Increasingly, the need to refine the accuracy of disease prognosis in ILD has led to recent exploration of clinical indices, gene variants, and molecular markers that reflect outcomes among heterogeneous patient populations with ILD.31, 32, 33, 34, 35 Although the GAP-ILD index is commonly used as a clinical predictor of mortality in major ILD subtypes, it has not been shown to predict FVC decline or PFS. Furthermore, patients with IPAF are not accounted for in the current GAP-ILD model. Among diagnostic subclasses of ILD, annual FVC decline was similar between those with features of autoimmunity (CTD-ILD and IPAF) and those with no features of autoimmunity (IPF and CHP). However, stratification according to phenotypic clusters identified a population (Cluster 4) with greater decline in annual FVC and Dlco, as well as worse survival. This approach could enhance early identification of patients at the highest risk of clinical deterioration for whom treatment might be of benefit and inclusion in clinical trials.21 In addition, application of this cluster-based classification to patient enrollment for therapeutic trials could address the barrier of heterogeneity in diagnostic criteria, which may influence study outcomes.
We evaluated PFS as a secondary outcome in our mortality analyses because of the low rate of death within the first year among patients with ILD and its frequent selection as a study end point in clinical trials.21, 36 Assessment of TFS as a secondary outcome also permitted evaluation of long-term mortality. In our cohort, phenotypic clusters predicted FVC decline in the first year while independently providing a reliable measure of the risk of death within the first year of diagnosis and over the following 10 years, even after adjusting for disease severity, age, sex, ILD diagnosis, and immunosuppressive therapy. This highly significant finding is crucial for early identification of subgroups with the greatest mortality risk across the various ILD subtypes.

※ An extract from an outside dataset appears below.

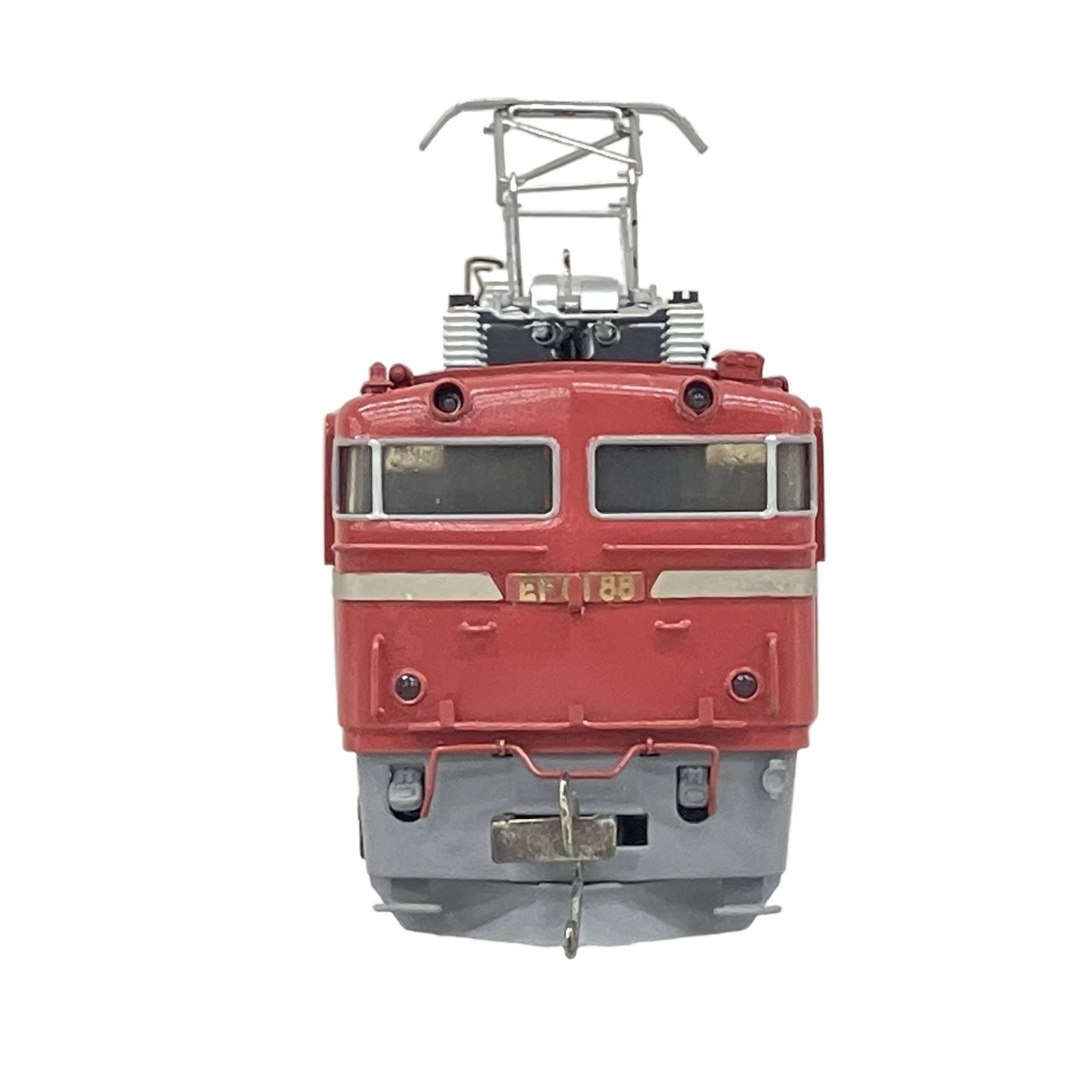 エンドウ EF81 電気機関車 鉄道模型 HO 中古 K11345914 - メルカリ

In this real-world cohort of > 700 patients with diverse ILDs, phenotypic clusters predicted lung function decline, as well as short- and long-term survival independent of original ILD classification. Importantly, these clusters also differ in multidimensional indices of clinical function such as the composite physiological index and the GAP-ILD score, hence simultaneously providing measures of disease severity and anticipated clinical course (Table 3). Our findings suggest for the pulmonary practitioner that the current ILD diagnostic paradigm may not be the only approach to clinical care, and they identify additional factors such as race, BMI, cigarette smoking, and PA diameter, in addition to previously recognized patient and ILD characteristics (age, sex, lung function, and honeycomb fibrosis), that may affect ILD diagnoses and outcomes. We recognize that this novel shift in approach requires external validation before it can be used with confidence in clinical practice.

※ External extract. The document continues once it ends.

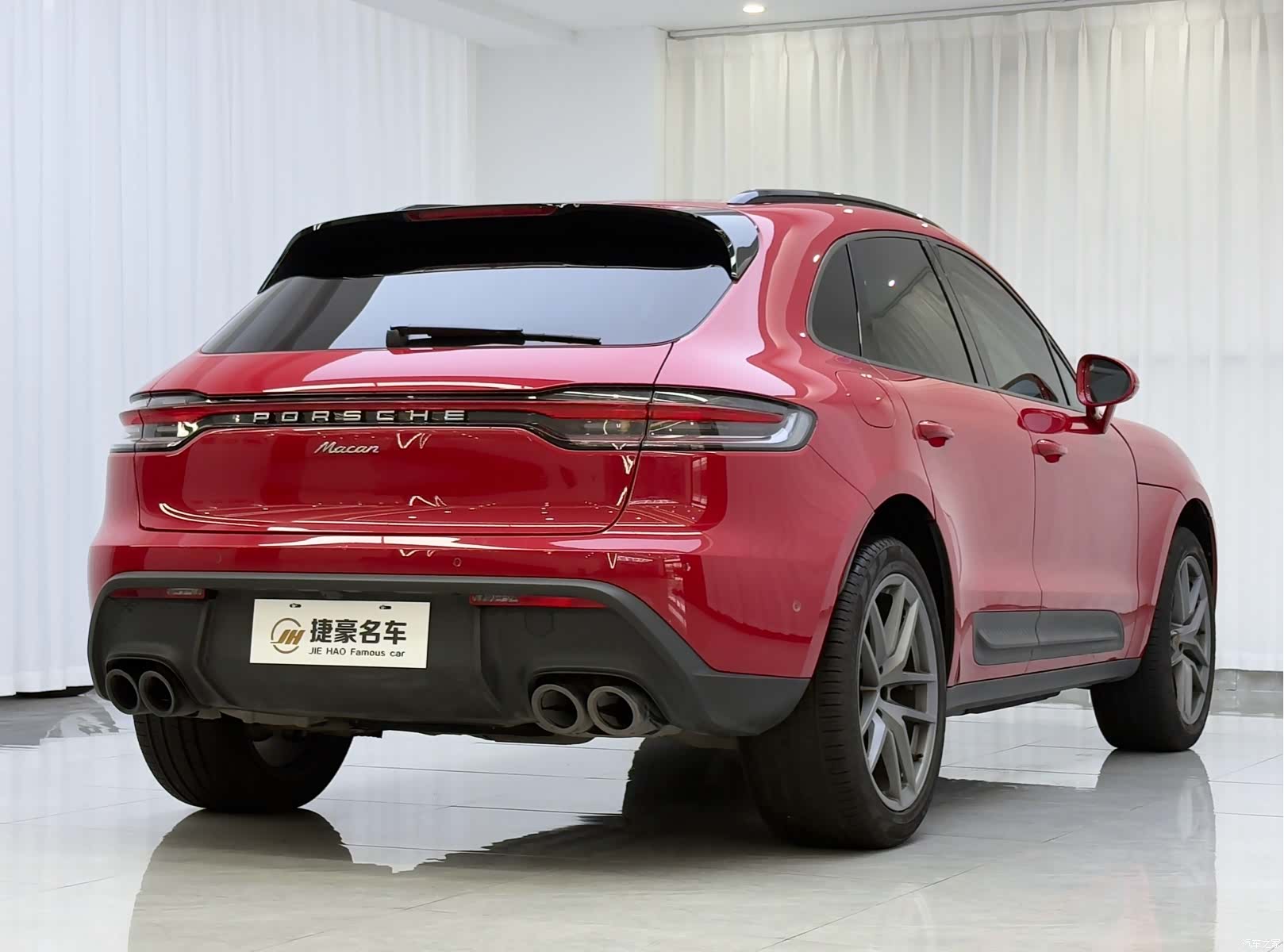 Porsche Macan, 2022 15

This study has several strengths. The large longitudinal ILD cohort with prospectively acquired data enhanced the ability to include a significant set of clinically relevant variables from multiple domains (clinical, serologic, radiologic, and functional) into the cluster analysis. Next, only patients with a multidisciplinary ILD diagnosis were included. Sensitivity analyses were performed to determine if our findings remained consistent after substratification of the entire ILD population into IPF and non-IPF cohorts. These analyses suggest that the cluster analysis approach remains robust in the prediction of outcomes even after adjustment for IPF vs non-IPF diagnoses (e-Fig 2, e-Table 3). These findings also suggest that the potential utility of a cluster-based approach to the prediction of outcomes might be of value in all cases of ILD. Finally, all baseline measurements for variables included were obtained at the time of initial ILD evaluation to minimize interference by treatment.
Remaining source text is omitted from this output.